**Task to carry out:** When a picture appears among the records, leave it out, and copy all else exactly.

**Data provided:**
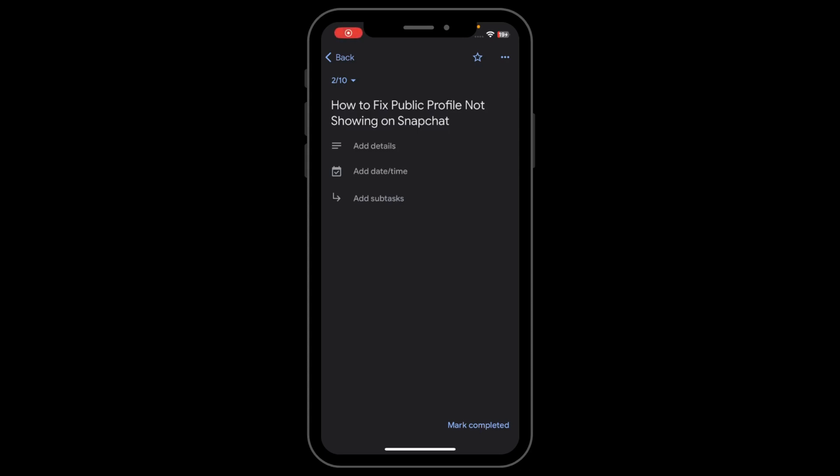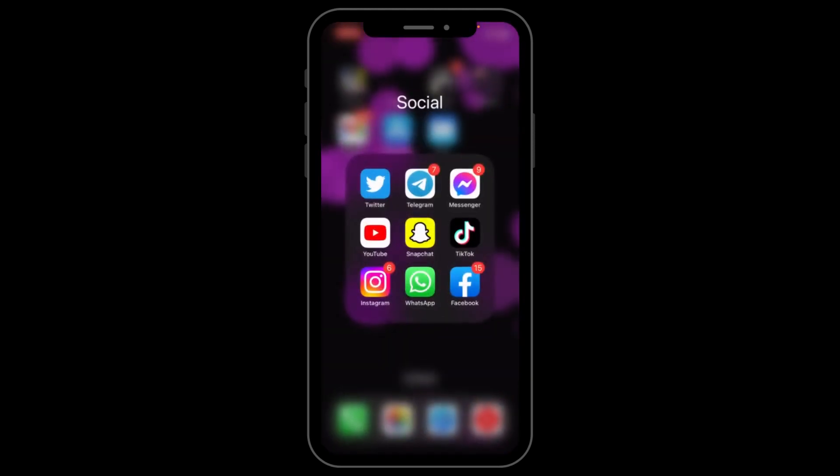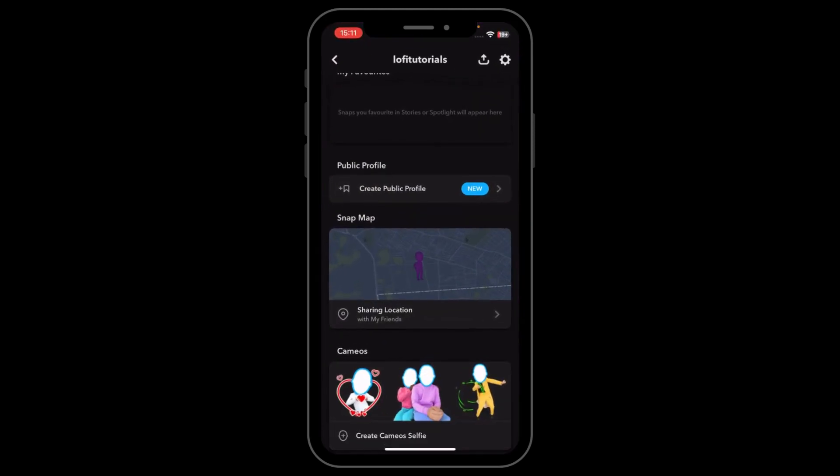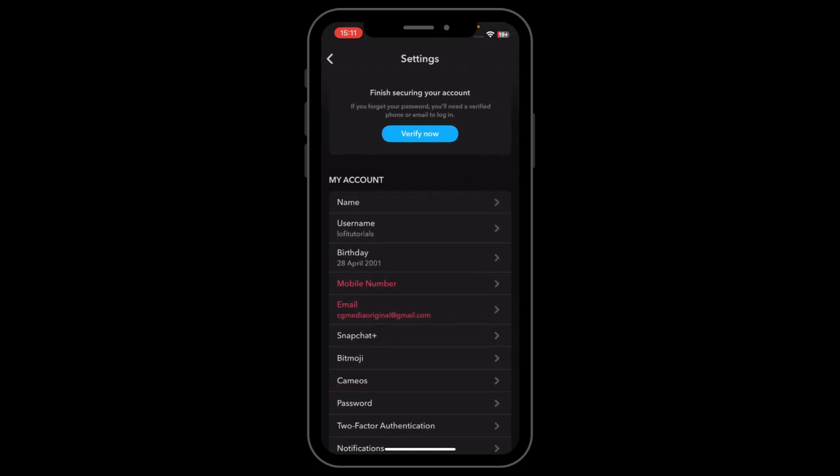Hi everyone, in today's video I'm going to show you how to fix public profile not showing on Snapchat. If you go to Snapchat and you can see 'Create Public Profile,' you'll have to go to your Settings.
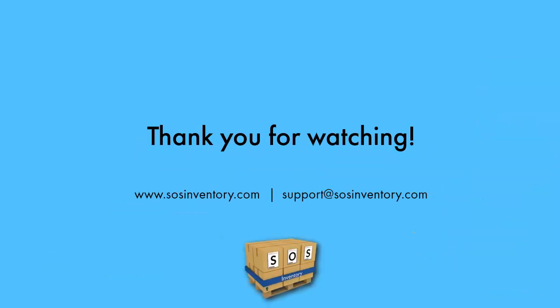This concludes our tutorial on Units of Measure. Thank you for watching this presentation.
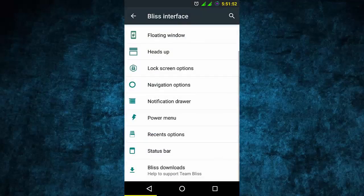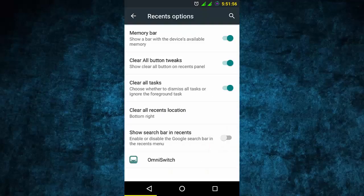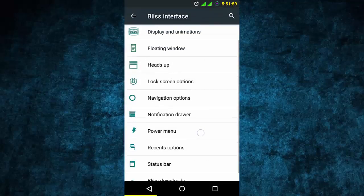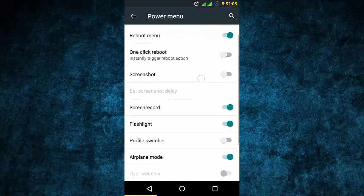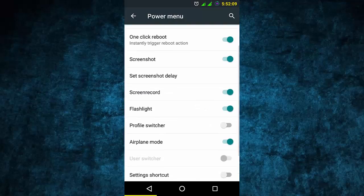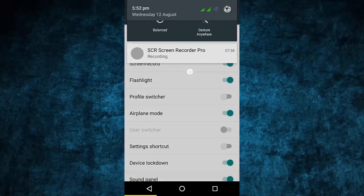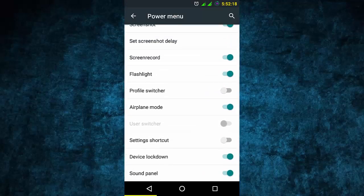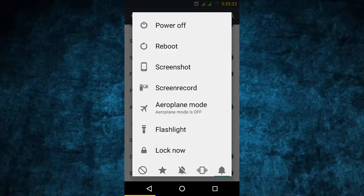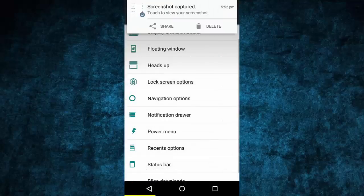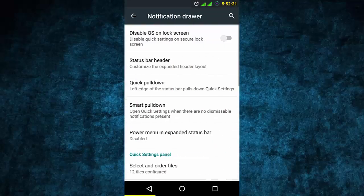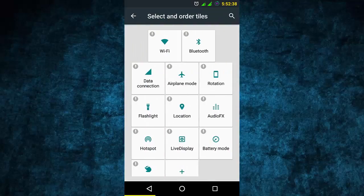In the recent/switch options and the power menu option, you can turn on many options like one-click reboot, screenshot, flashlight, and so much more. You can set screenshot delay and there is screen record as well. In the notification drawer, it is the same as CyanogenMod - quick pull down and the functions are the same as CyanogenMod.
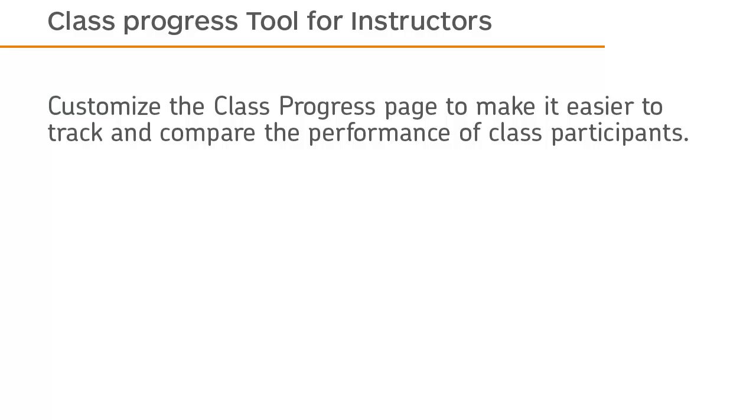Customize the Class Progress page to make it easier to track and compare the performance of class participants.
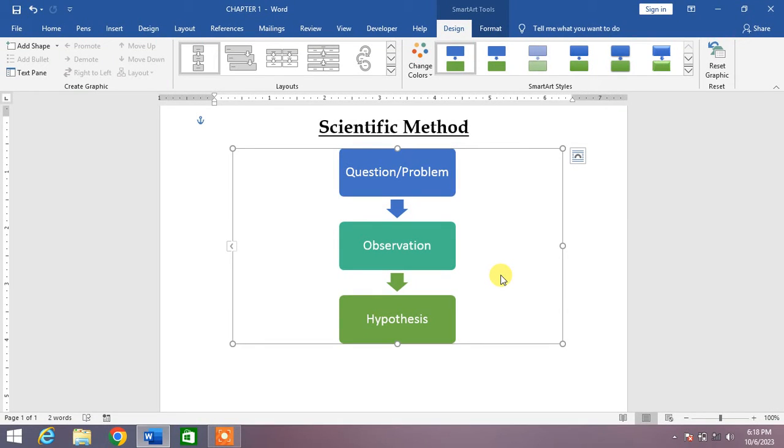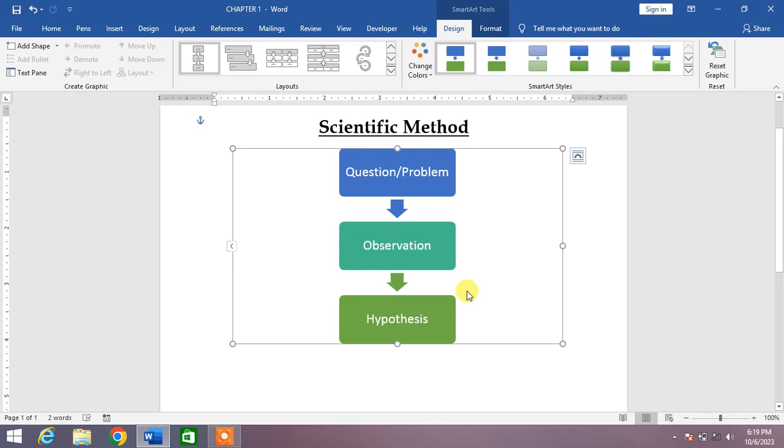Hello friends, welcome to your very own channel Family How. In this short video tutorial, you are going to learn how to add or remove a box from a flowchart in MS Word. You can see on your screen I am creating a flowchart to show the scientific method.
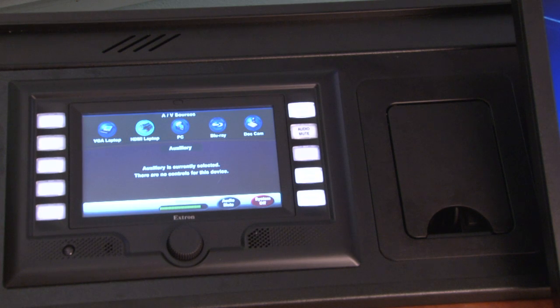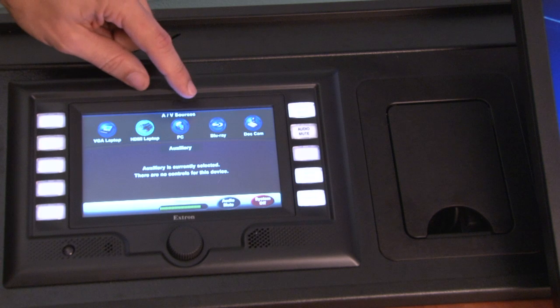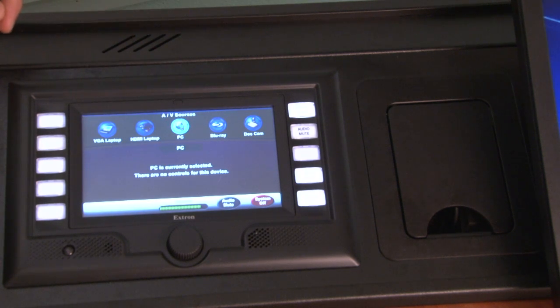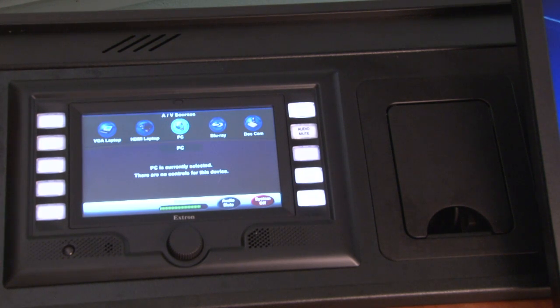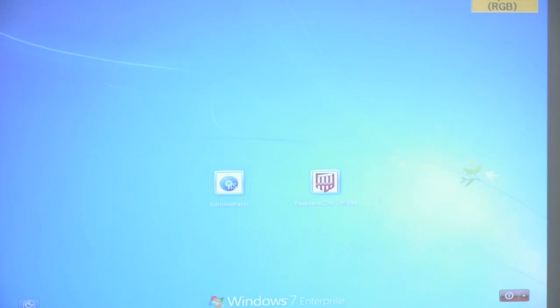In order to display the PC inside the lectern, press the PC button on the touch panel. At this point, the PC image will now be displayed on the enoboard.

**Result below:**
Hi everyone, in today's video I'm going to show you how to fix public profile not showing on Snapchat. If you go to Snapchat and you can see 'Create Public Profile,' you'll have to go to your Settings.
This concludes our tutorial on Units of Measure. Thank you for watching this presentation.
In the recent/switch options and the power menu option, you can turn on many options like one-click reboot, screenshot, flashlight, and so much more. You can set screenshot delay and there is screen record as well. In the notification drawer, it is the same as CyanogenMod - quick pull down and the functions are the same as CyanogenMod.
Customize the Class Progress page to make it easier to track and compare the performance of class participants.
Hello friends, welcome to your very own channel Family How. In this short video tutorial, you are going to learn how to add or remove a box from a flowchart in MS Word. You can see on your screen I am creating a flowchart to show the scientific method.
In order to display the PC inside the lectern, press the PC button on the touch panel. At this point, the PC image will now be displayed on the enoboard.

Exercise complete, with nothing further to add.